Repeat the lines below exactly as written, please, from the line with "Un pot à pinceaux" to the line with "HYUNDAI Staria 2024", both lines included, and no others.

• Data shown:
※

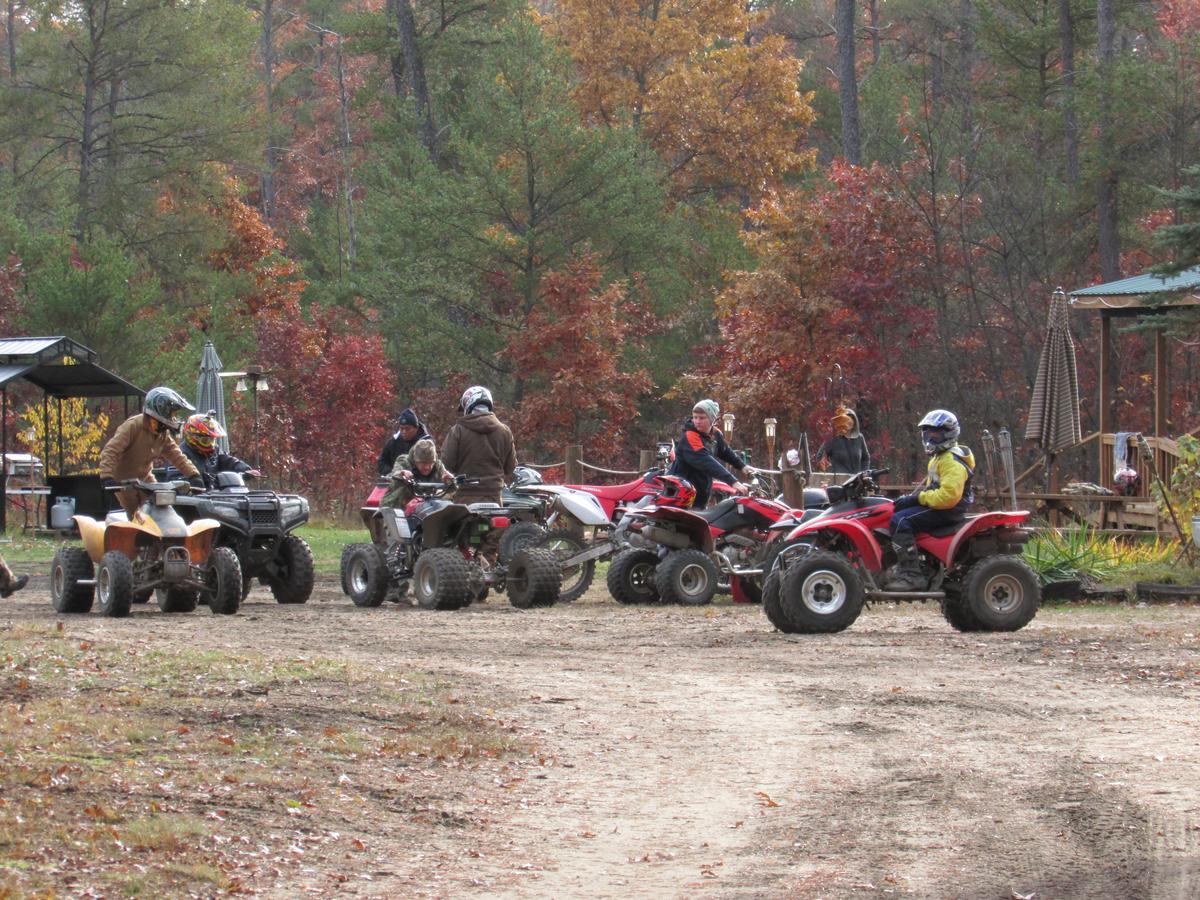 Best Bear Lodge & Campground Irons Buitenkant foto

※

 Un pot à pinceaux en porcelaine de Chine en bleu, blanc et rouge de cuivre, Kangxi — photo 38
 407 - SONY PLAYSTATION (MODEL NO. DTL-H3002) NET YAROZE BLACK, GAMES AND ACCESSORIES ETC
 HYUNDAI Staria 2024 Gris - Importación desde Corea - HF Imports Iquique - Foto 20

※

• Your response:
 Un pot à pinceaux en porcelaine de Chine en bleu, blanc et rouge de cuivre, Kangxi — photo 38
 407 - SONY PLAYSTATION (MODEL NO. DTL-H3002) NET YAROZE BLACK, GAMES AND ACCESSORIES ETC
 HYUNDAI Staria 2024 Gris - Importación desde Corea - HF Imports Iquique - Foto 20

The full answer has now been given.